# Inverse QSAR: activity-conditioned structure-from-activity framework

Цель: не универсальное предсказание MIC, а выявление структурных/физико-химических детерминант низкого MIC (высокого pMIC) на `train_lit` (строки 0–89), с отдельной проверкой правил на `experimental_holdout` (строки 90+).

In [None]:

# Environment, reproducibility, logging
from pathlib import Path
import json
import logging
import random
import sys
import warnings

SEED = 42
random.seed(SEED)

ROOT = Path.cwd()
DATA_PATH = ROOT / "potok.csv"
ART = ROOT / "artifacts"
FIG = ART / "figures"
ART.mkdir(parents=True, exist_ok=True)
FIG.mkdir(parents=True, exist_ok=True)

logging.basicConfig(
    level=logging.INFO,
    format="%(asctime)s | %(levelname)s | %(message)s",
    handlers=[logging.FileHandler(ART / "run.log", mode="w", encoding="utf-8"), logging.StreamHandler(sys.stdout)],
)
logger = logging.getLogger("inverse_qsar")

config = {
    "seed": SEED,
    "task": "inverse_qsar_structure_from_activity",
    "split": "rows 0-89 -> train_lit; rows 90+ -> experimental_holdout",
    "low_mic_method": "Q25 of MIC on train_lit",
    "cv": "GroupKFold by Murcko scaffold on train_lit only",
    "morgan": {"radius": 2, "nBits": 1024},
    "y_random_n": 50,
}
(ART / "run_config.json").write_text(json.dumps(config, indent=2, ensure_ascii=False), encoding="utf-8")
logger.info("Config saved")


In [None]:

# Dependency check (safe stop, no pip install inside notebook)
try:
    import numpy as np
    import pandas as pd
    import matplotlib.pyplot as plt
    import seaborn as sns
    from scipy import stats
    from sklearn.base import clone
    from sklearn.decomposition import PCA
    from sklearn.ensemble import RandomForestClassifier
    from sklearn.feature_selection import mutual_info_regression
    from sklearn.linear_model import LogisticRegression
    from sklearn.metrics import (
        roc_auc_score, average_precision_score, balanced_accuracy_score,
        precision_score, recall_score, roc_curve, precision_recall_curve
    )
    from sklearn.model_selection import GroupKFold
    from sklearn.pipeline import Pipeline
    from sklearn.preprocessing import StandardScaler
    from sklearn.tree import DecisionTreeClassifier

    from rdkit import Chem
    from rdkit.Chem import AllChem, Descriptors
    from rdkit.Chem.MolStandardize import rdMolStandardize
    from rdkit.Chem.Scaffolds import MurckoScaffold
except Exception as e:
    msg = (
        "Требуется локальная среда с RDKit + numpy/pandas/scipy/scikit-learn/matplotlib. "
        "Установка через pip в ноутбуке отключена для воспроизводимости."
    )
    logger.error(msg)
    logger.error(f"Import error: {e}")
    raise SystemExit(msg)

np.random.seed(SEED)
warnings.filterwarnings("ignore")


## Data split and target engineering

In [None]:

if not DATA_PATH.exists():
    raise FileNotFoundError(DATA_PATH)

raw = pd.read_csv(DATA_PATH)
raw.columns = [c.strip() for c in raw.columns]
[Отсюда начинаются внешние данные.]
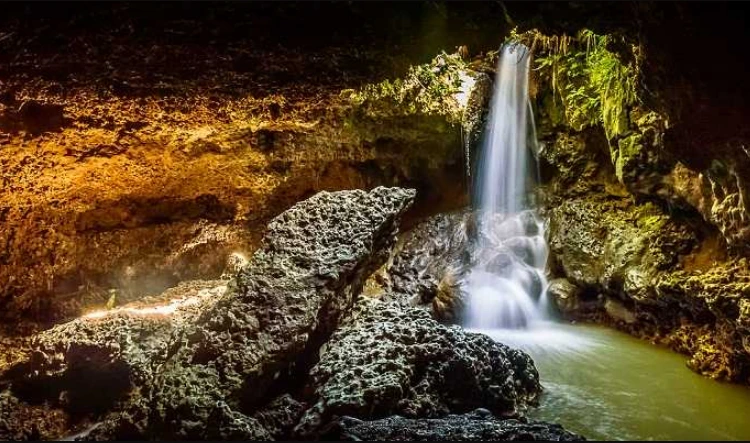 Kegiatan Selama Berada di Goa Luweng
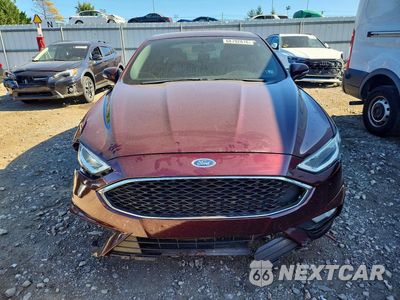 Piąte zdjęcie samochodu w środku: 2017 FORD FUSION SPORT VIN:3FA6P0VP6HR346180 - miniatura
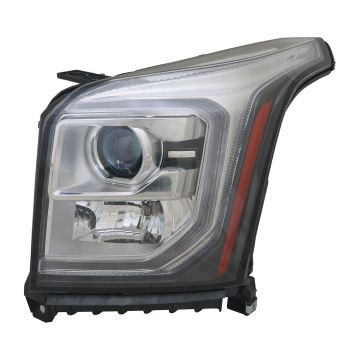 Headlight Assembly Composite Left HID for GMC Yukon Yukon XL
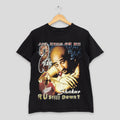 Vintage 90'S Tupac Shakur Rapper Makaveli Tees Small 2pac Eyez Hip Hop Festival Concert Music Rap Size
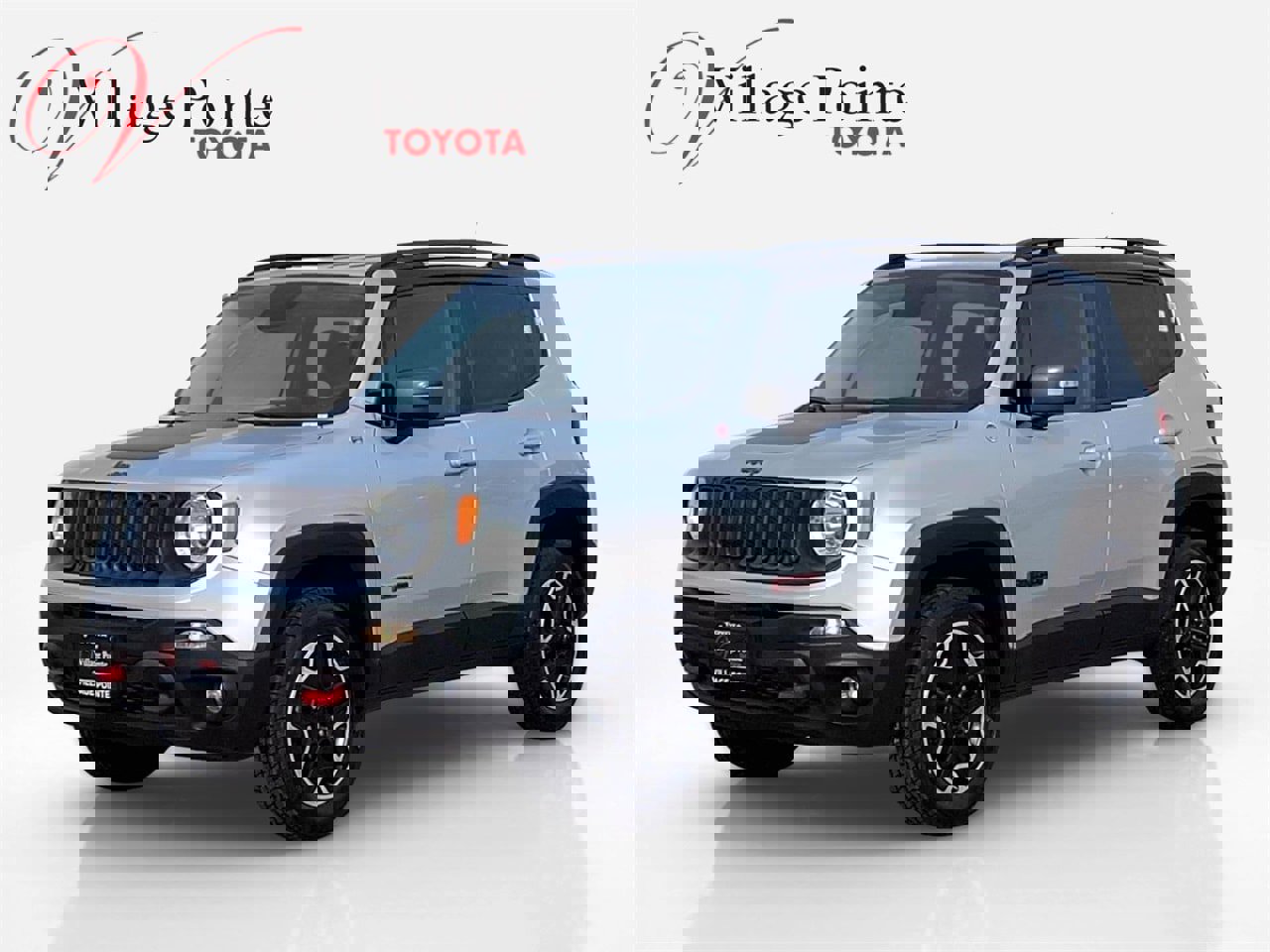 Used 2016 Jeep Renegade Trailhawk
smiles_col = next((c for c in raw.columns if c.lower() in ["smiles","smile","canonical_smiles"]), None)
mic_col = next((c for c in raw.columns if c.lower() in ["mic","activity","target","y"]), None)
if smiles_col is None or mic_col is None:
    raise ValueError("Need SMILES and MIC-like column")

df = raw[[smiles_col, mic_col]].rename(columns={smiles_col: "smiles", mic_col: "MIC"}).copy()
df["row_id"] = np.arange(len(df))
df["MIC"] = pd.to_numeric(df["MIC"], errors="coerce")

train_lit = df.iloc[:90].copy()
experimental_holdout = df.iloc[90:].copy() if len(df) >= 90 else df.iloc[0:0].copy()
if len(df) < 90:
    logger.warning("<90 rows: experimental_holdout is empty")

# Target engineering only from train_lit
q25_mic = float(train_lit["MIC"].quantile(0.25))
train_lit["pMIC"] = -np.log10(train_lit["MIC"])
train_lit["low_MIC"] = (train_lit["MIC"] <= q25_mic).astype(int)

experimental_holdout["pMIC"] = -np.log10(experimental_holdout["MIC"]) if len(experimental_holdout) else []
experimental_holdout["low_MIC"] = (experimental_holdout["MIC"] <= q25_mic).astype(int) if len(experimental_holdout) else []

logger.info(f"Rows: total={len(df)}, train_lit={len(train_lit)}, experimental_holdout={len(experimental_holdout)}")
logger.info(f"low_MIC threshold (Q25 MIC on train_lit) = {q25_mic:.6g}")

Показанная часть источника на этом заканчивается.